:: TASK DESCRIPTION ::
Each line below must be reproduced exactly.

:: INFORMATION SUPPLIED ::
--- START ---
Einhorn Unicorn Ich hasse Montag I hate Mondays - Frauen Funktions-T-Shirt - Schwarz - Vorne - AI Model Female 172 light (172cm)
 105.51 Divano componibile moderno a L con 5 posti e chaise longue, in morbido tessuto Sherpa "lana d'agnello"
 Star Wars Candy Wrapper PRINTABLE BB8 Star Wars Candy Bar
--- END ---
:: ANSWER BOX ::
Einhorn Unicorn Ich hasse Montag I hate Mondays - Frauen Funktions-T-Shirt - Schwarz - Vorne - AI Model Female 172 light (172cm)
 105.51 Divano componibile moderno a L con 5 posti e chaise longue, in morbido tessuto Sherpa "lana d'agnello"
 Star Wars Candy Wrapper PRINTABLE BB8 Star Wars Candy Bar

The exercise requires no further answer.